## [Exercise details]
Give back exactly the lines from the "Item preview, International" line to the final line of the records, and only those, minus any pictures.

Web page caption snippets
◆ ◆ ◆
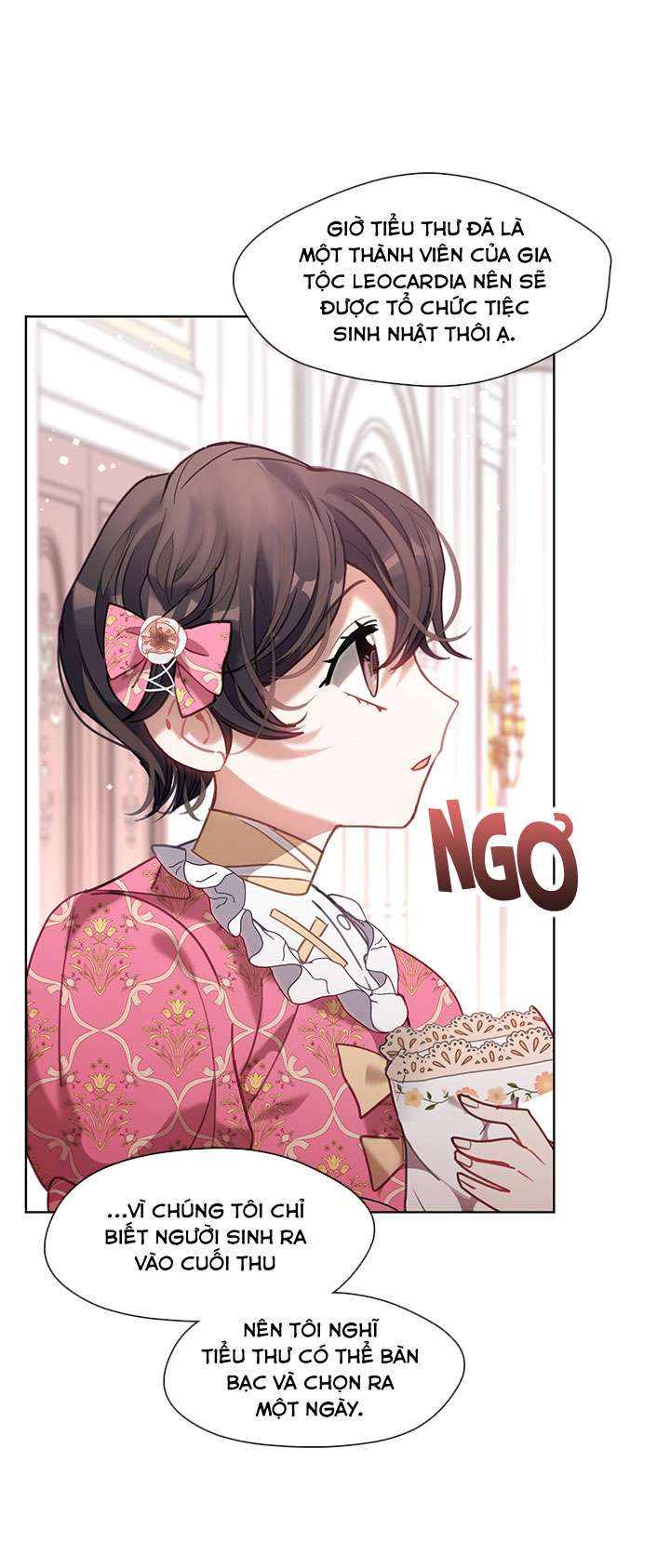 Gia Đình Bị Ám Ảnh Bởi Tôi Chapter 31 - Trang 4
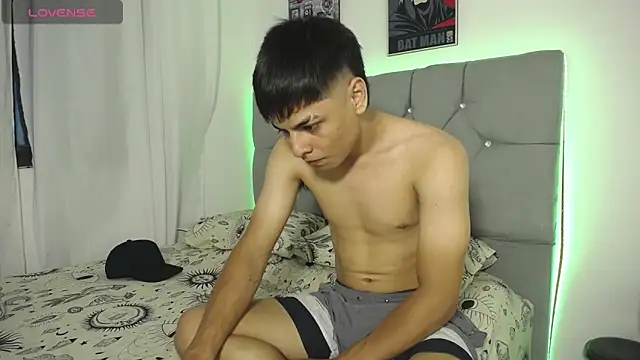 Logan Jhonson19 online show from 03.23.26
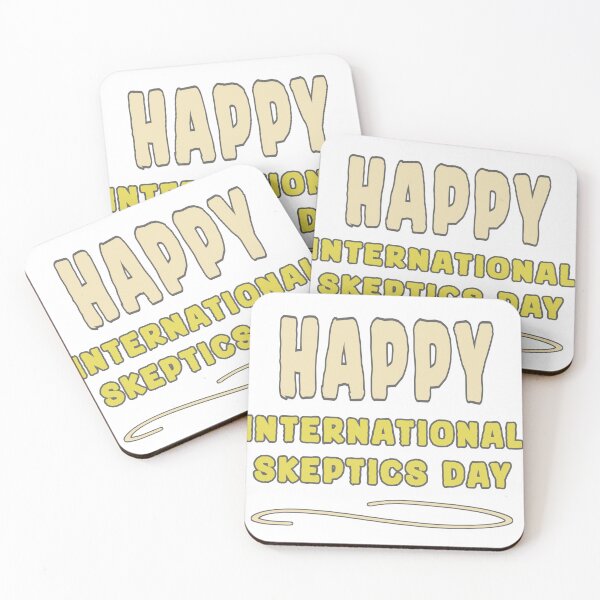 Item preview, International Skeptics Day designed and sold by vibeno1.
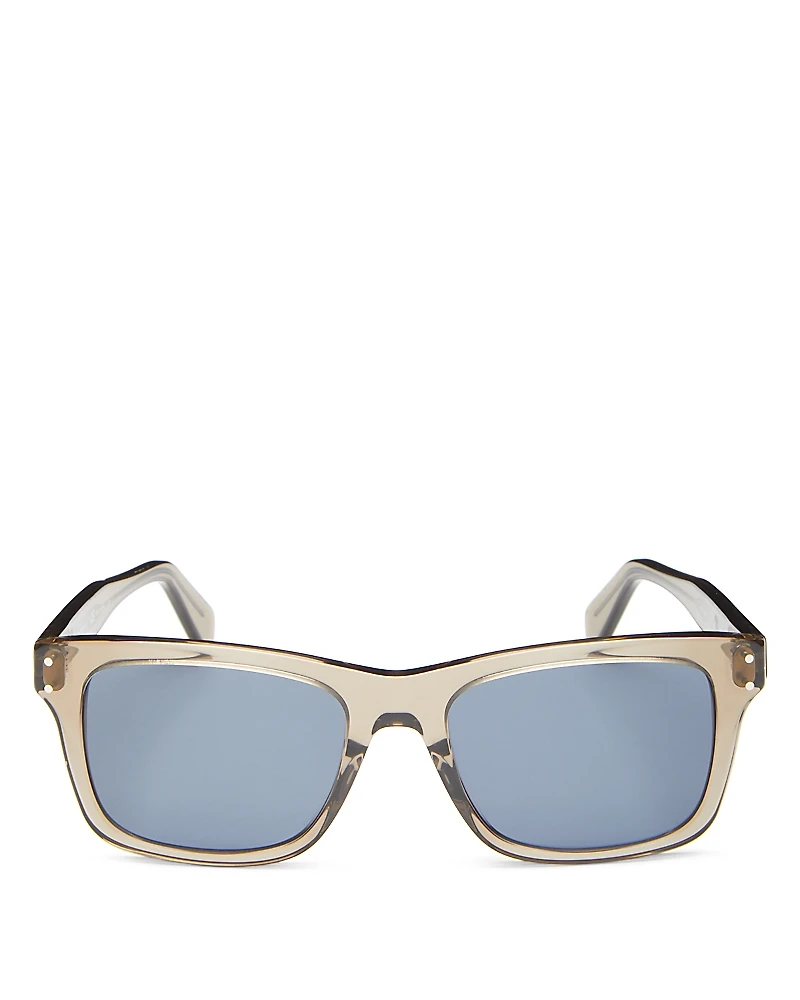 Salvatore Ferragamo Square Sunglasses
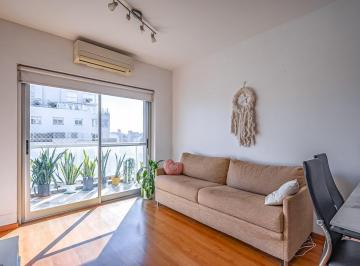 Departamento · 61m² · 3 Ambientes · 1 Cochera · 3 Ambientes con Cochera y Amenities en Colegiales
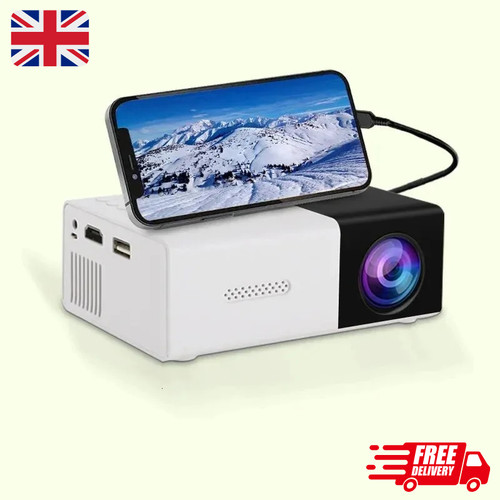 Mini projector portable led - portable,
◆ ◆ ◆
## [Task response]
 Item preview, International Skeptics Day designed and sold by vibeno1.
 Salvatore Ferragamo Square Sunglasses
 Departamento · 61m² · 3 Ambientes · 1 Cochera · 3 Ambientes con Cochera y Amenities en Colegiales
 Mini projector portable led - portable,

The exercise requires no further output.